Duncan Montgomery, tax partner at UK200Group member firm Whittingham Riddell, said:
“Before the risk of Brexit comes the referendum hiatus. We are expecting major spending and commitment decisions to be put on hold, for at least a quarter while the vote unfolds. On a Brexit that is likely to continue for another six months or more while the details are worked out.
“Business supplying capital goods, infrastructure and items that are serious commitments from their customers need to be prepared for that slowdown and must be ready to respond appropriately. Looking for exports timed to coincide with that period is a sensible move. Forecasting a 30% cut in orders or more for that period to stress test the business model is also a sensible starting place.

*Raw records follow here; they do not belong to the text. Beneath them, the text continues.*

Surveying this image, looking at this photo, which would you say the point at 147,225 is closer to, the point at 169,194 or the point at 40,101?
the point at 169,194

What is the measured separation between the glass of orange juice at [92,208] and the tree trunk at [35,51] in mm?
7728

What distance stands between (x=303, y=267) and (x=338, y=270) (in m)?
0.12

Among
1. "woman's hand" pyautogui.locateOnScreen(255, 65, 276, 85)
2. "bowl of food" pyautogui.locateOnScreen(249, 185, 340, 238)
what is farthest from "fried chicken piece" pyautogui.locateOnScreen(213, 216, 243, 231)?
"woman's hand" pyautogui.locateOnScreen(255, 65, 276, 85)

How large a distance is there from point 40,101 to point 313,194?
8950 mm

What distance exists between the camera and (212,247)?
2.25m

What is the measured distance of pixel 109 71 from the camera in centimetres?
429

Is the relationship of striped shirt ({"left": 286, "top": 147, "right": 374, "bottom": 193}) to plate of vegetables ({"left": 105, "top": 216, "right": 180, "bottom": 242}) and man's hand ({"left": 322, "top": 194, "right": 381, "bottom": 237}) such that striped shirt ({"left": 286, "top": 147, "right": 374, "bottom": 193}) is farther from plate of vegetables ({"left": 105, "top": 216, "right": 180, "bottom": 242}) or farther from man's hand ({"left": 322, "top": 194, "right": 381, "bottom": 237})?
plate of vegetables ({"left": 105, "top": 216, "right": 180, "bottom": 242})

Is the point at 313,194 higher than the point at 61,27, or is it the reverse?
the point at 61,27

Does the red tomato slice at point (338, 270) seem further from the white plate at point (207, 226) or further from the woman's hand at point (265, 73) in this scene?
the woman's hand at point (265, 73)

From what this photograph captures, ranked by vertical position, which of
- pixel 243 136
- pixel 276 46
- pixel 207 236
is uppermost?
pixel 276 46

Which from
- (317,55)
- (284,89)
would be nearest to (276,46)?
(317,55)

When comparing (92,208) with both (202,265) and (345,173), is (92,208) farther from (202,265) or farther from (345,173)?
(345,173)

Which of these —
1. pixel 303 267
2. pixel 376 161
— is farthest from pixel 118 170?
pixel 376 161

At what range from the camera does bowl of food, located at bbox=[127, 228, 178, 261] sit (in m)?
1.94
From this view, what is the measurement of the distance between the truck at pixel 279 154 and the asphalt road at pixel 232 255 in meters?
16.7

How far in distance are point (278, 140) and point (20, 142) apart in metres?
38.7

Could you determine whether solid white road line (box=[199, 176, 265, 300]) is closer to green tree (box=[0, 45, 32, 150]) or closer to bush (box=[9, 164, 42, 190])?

“This may not be an easy ride for many.”
Jonathan Russell, partner at UK200Group member firm ReesRussell, said:
“The Bank of England talk about managing the market impact of Brexit, but it does not say that it is necessarily a negative impact.
“It does highlight that there needs to be considerably more flesh on the bones of the proposed ‘deal’ to understand the extent of the relaxation of EU controls over London’s financial markets, whilst also highlighting the Norway arrangement, which many politicians seem to see as the alternative, as being an arrangement with all the disadvantages of full membership without the advantages.
“This statement from the Bank of England comes hard on the heels of the Civitas report, which says that past membership has actually held Britain back.”